In this work we examine the nonlinear dynamics of an inverted pendulum between lateral rebounding barriers. We continue the numerical investigation started in [1] by adding the contribution of the second harmonic in the external forcing term. We investigate the behaviour of the periodic attractors by bifurcation diagrams with respect to each amplitude and by behaviour charts of single attractors in the amplitude parameters plane for fixed frequency. We study the effects of the second harmonic term on the existence domain of each attractor, on local bifurcations and on the changes in the basins of attraction. The behaviour of some robust chaotic attractor is also considered. In the evolution of the periodic attractors we have observed that the addition of the second harmonic generates a rich variety of behaviours, such as loss of stability and formation of isolas of periodic orbits.
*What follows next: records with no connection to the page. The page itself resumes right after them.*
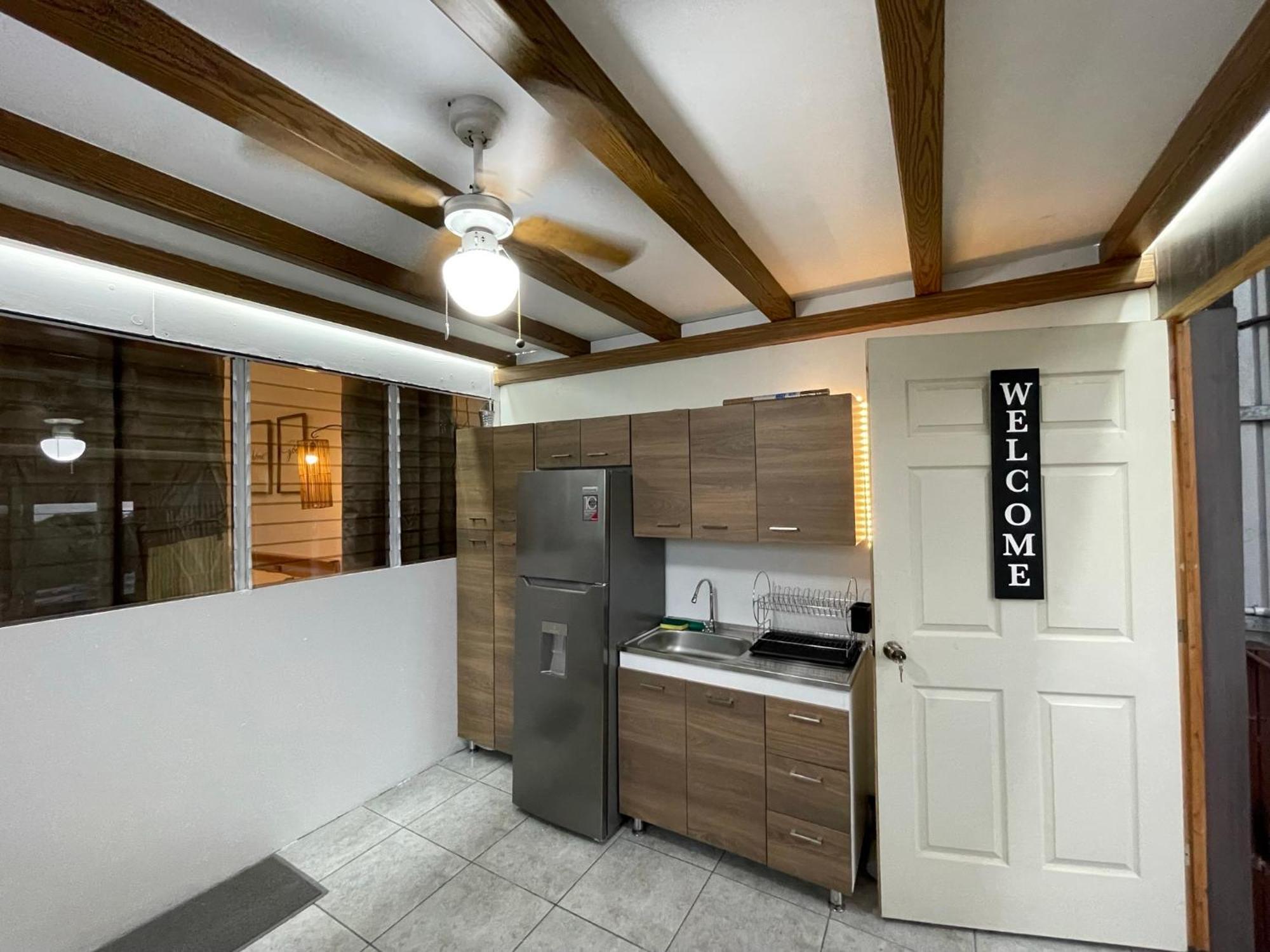 Casa Serena B&B Santa Tecla Pokój zdjęcie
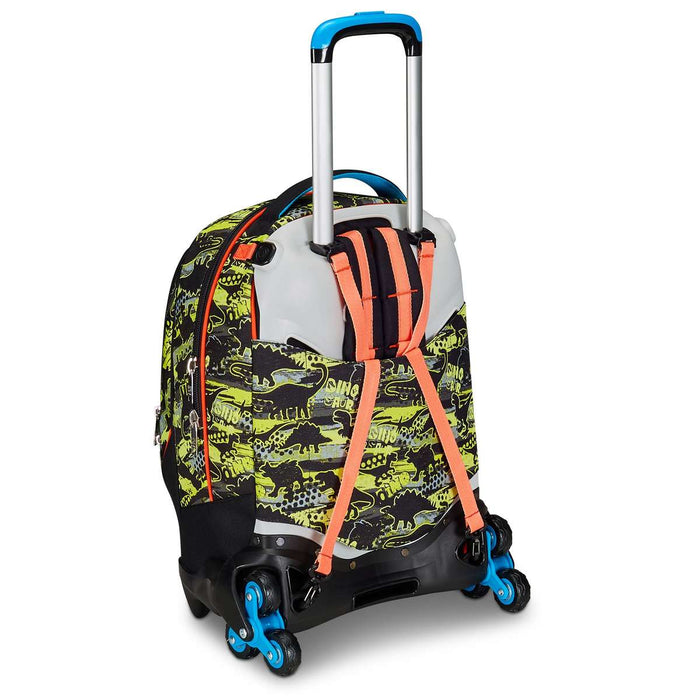 SEVEN Trolley Jack Rexme Sj Gang - 20C202465-899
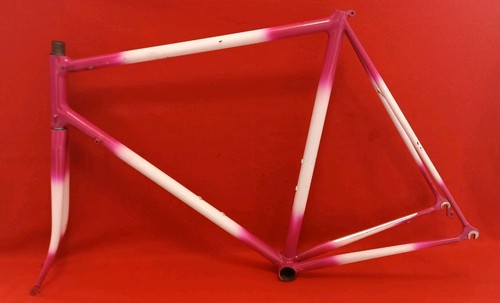 Frame cadre artisanal - 58, cm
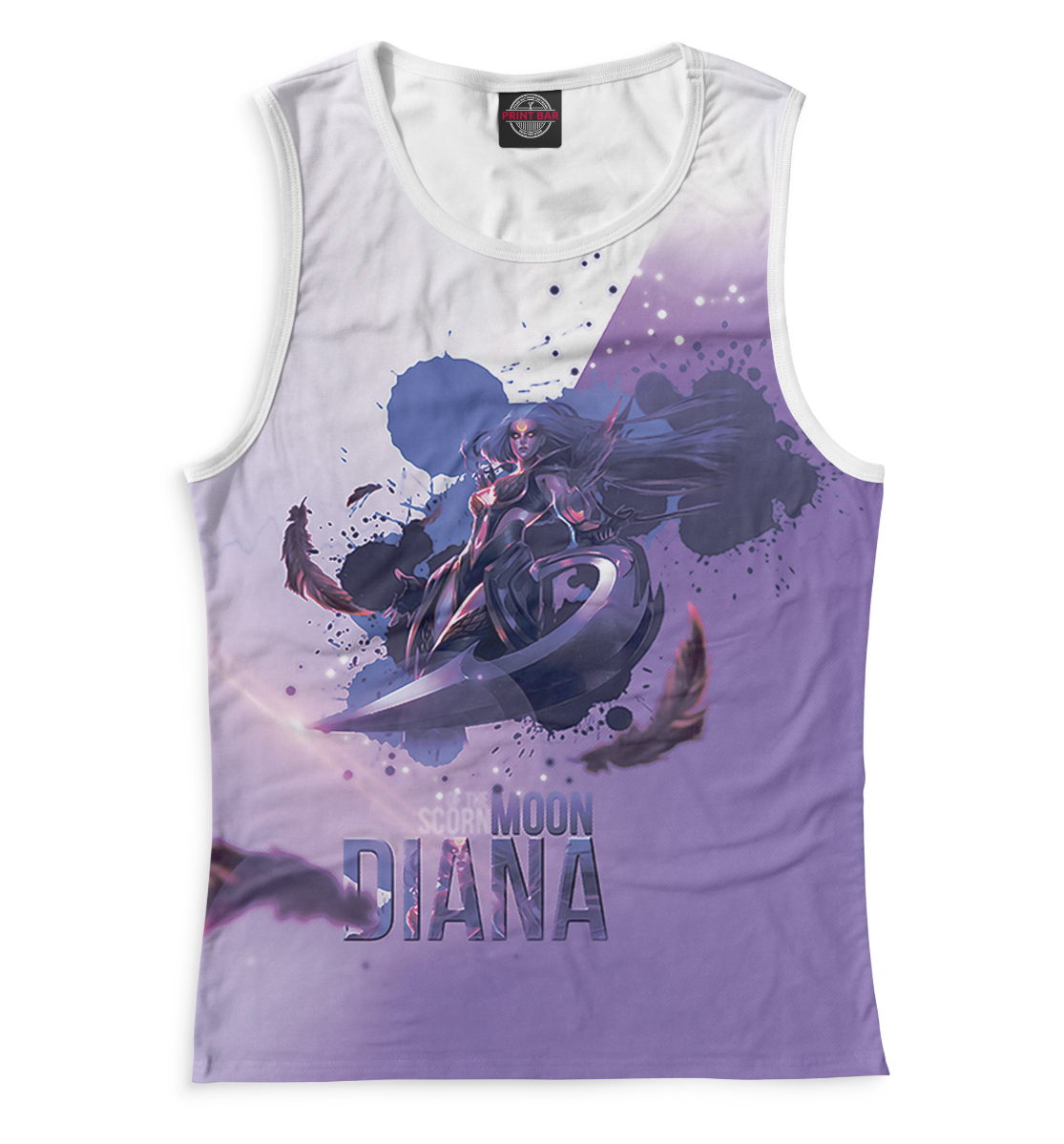 

Diana
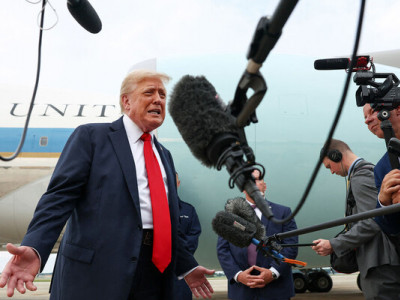 США готують удар по Ірану через інциденти в затоці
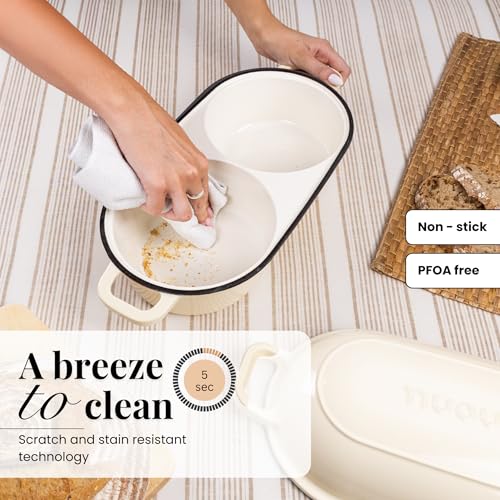 Dutch Oven For Sourdough Bread Baking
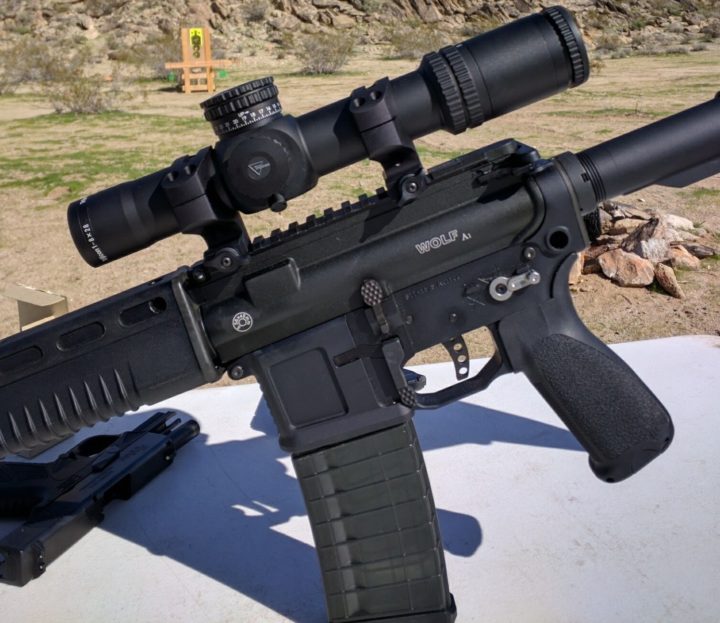 1 8 scope 1 8 scope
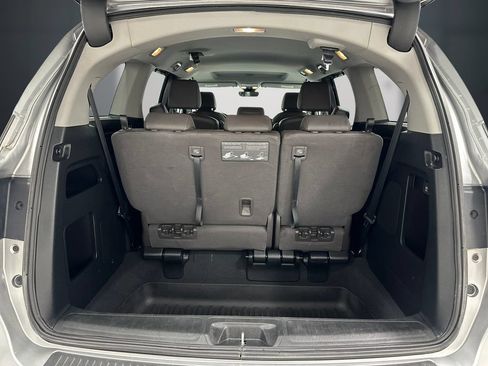 Used 2022 Honda Odyssey EX-L image 12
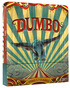 Dumbo - Edición Metálica Blu-ray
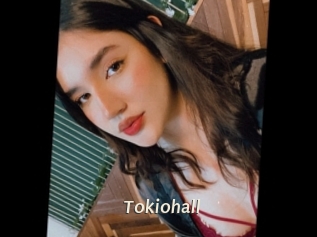 Tokiohall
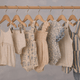 Rylee + Cru - Chiara Romper - Tile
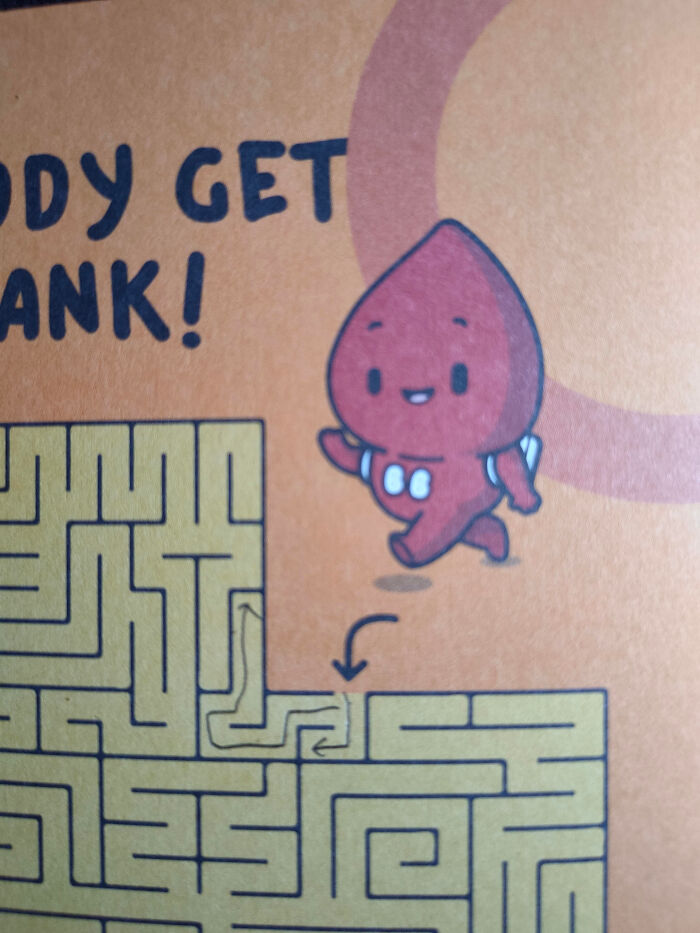 Haven't Seen This One Before Soo Here We Goo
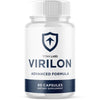 Image of (1 Pack) Virilon Advanced Male Health Support Supplement Viri Lon 60 Capsules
In the case of chaotic attractors, we have studied one attractor at high frequency, ω =18, and one at low frequency, ω =3. In the high frequency case we detect a transition from a scattered to a confined attractor, whereas at the lower frequency the chaotic attractor is present over a wide range of the second harmonic's amplitude. Finally, we extend the investigation of the chaotic attractors by bifurcation diagrams with respect to the frequency.